NADN_051115_032
Existing comment:
The court case that became Brown et al. v. Board of Education of Topeka et al was a consolidation of five cases that were testing the "separate but equal" doctrine.
Briggs et al. v. Elliott et al. was a federal lawsuit to desegregate public schools in South Carolina. Filed by a group of people in Clarendon County (South Carolina) against local officials, the lawsuit became the first of the five cases heard by the U.S. Supreme Court under the Brown et al. v. Board of Education of Topeka et al. umbrella. It was also the first of these cases to have been filed in federal courts. The suit was filed by Levi Pearson, who was encouraged by Reverend Joseph A. DeLaine Sr.
The Reverend was posthumously given a Congressional gold medal in 2003. The citation includes the following background information:
(1) The Reverend Joseph Armstrong DeLaine, one of the true heroes of the civil rights struggle, led a crusade to break down barriers in education in South Carolina.
(2) The efforts of Reverend DeLaine led to the desegregation of public schools in the United States, but forever scarred his own life.

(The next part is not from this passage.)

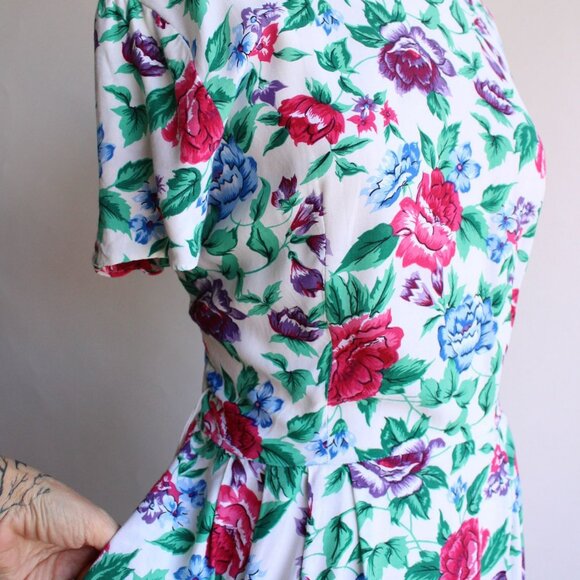 Vintage 1980's Dress with Pockets, Tareti Howard Levi Floral print with Criss Cr - Picture 4 of 10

(3) In 1949, Joseph DeLaine, a minister and school principal, organized African-American parents in Summerton, South Carolina, to petition the school board for a bus for black students, who had to walk up to 10 miles through corn and cotton fields to attend a segregated school, while the white children in the school district rode to and from school in nice clean buses.
(4) In 1950, these same parents, including Harry and Eliza Briggs, sued to end public school segregation in Briggs et al. v. Elliott et al., one of 5 cases that collectively led to the landmark 1954 Supreme Court decision of Brown et al. v. Board of Education of Topeka et al.
(5) Because of his participation in the desegregation movement, Reverend DeLaine was subjected to repeated acts of domestic terror in which--
(A) he, along with 2 sisters and a niece, lost their jobs;
(B) he fought off an angry mob;
(C) he received frequent death threats; and
(D) his church and his home were burned to the ground.
(6) In October 1955, after Reverend DeLaine relocated to Florence County in South Carolina, shots were fired at the DeLaine home, and because Reverend DeLaine fired back to mark the car, he was charged with assault and battery with intent to kill.
(7) The shooting incident drove him from South Carolina to Buffalo, New York, where he organized an African Methodist Episcopal Church.
(8) Believing that he would not be treated fairly by the South Carolina judicial system if he returned to South Carolina, Reverend DeLaine told the Federal Bureau of Investigation, `I am not running from justice but injustice', and it was not until 2000 (26 years after his death and 45 years after the incident) that Reverend DeLaine was cleared of all charges relating to the October 1955 incident.
(9) Reverend DeLaine was a humble and fearless man who showed the Nation that all people, regardless of the color of their skin, deserve a first-rate education, a lesson from which the Nation has benefited immeasurably.
This is all to say that the people Ann Brownell Sloane are talking to are (closest to us) Brumit De Laine (the youngest of the reverend's three children) and Joseph DeLaine, Jr., Brumit's older brother.